- **EXERCISE**:
Once the line holding "Cultivation Cup Aquatic" appears, repeat it and each line after it to the end of the data, exactly and with nothing else; pictures stay out.

- **EXERCISE DATA**:
======

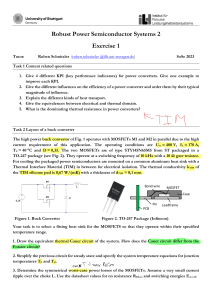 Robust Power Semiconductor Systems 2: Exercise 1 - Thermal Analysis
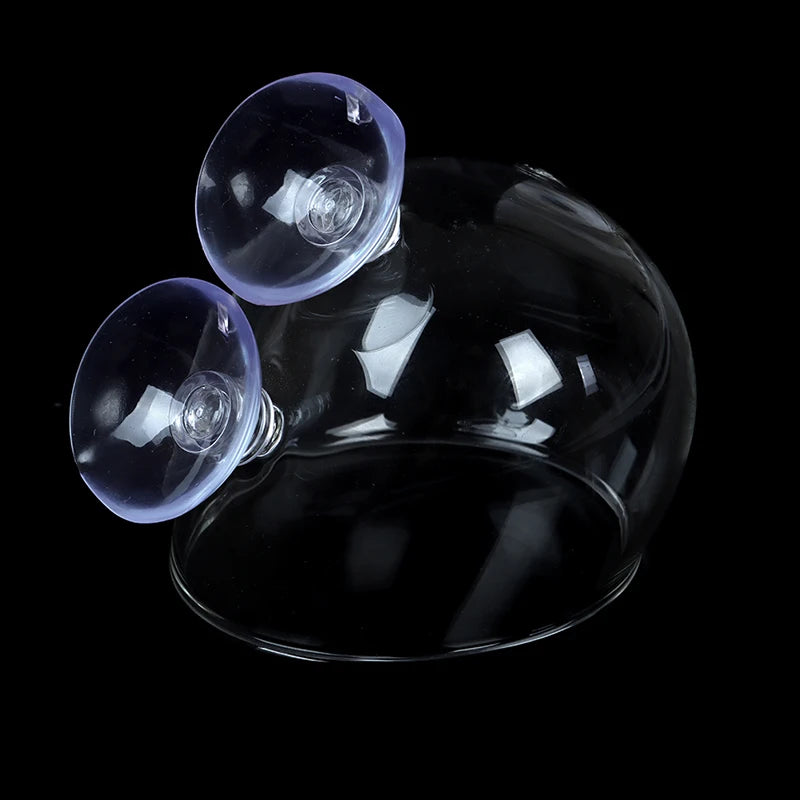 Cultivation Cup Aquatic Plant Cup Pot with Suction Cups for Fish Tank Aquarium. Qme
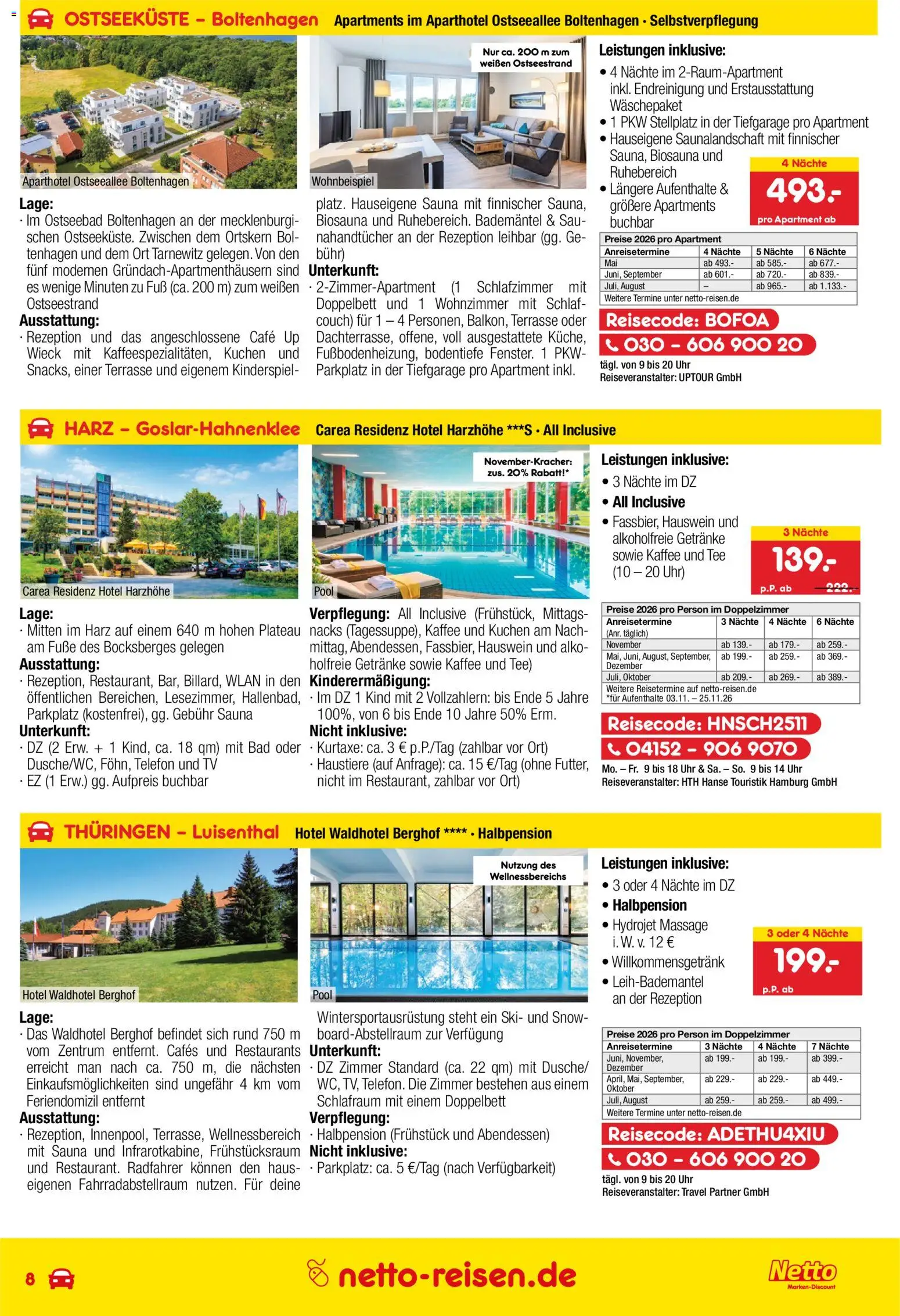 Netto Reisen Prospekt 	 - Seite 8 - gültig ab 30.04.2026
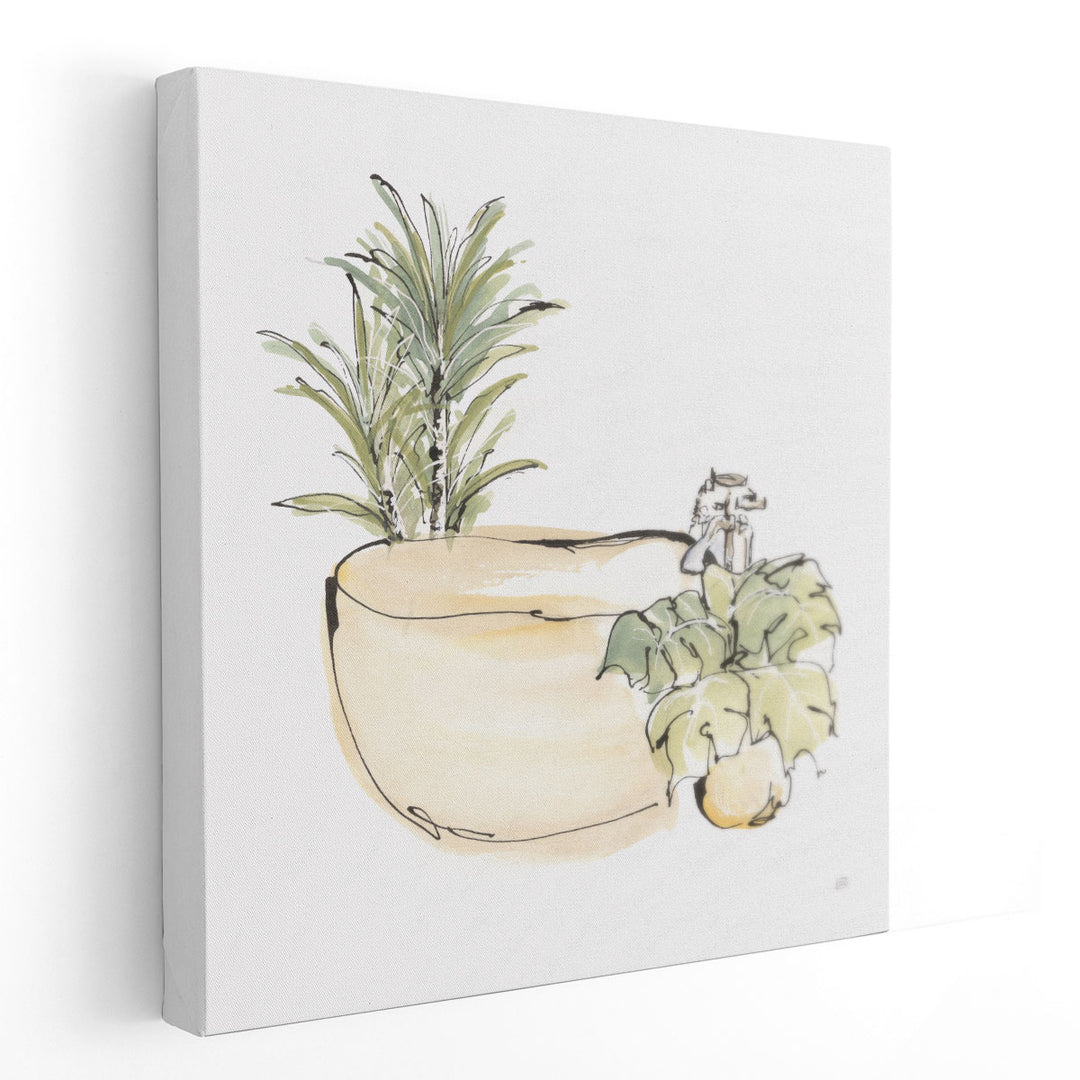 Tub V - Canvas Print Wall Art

======

- **THE ANSWER**:
 Cultivation Cup Aquatic Plant Cup Pot with Suction Cups for Fish Tank Aquarium. Qme
 Netto Reisen Prospekt 	 - Seite 8 - gültig ab 30.04.2026
 Tub V - Canvas Print Wall Art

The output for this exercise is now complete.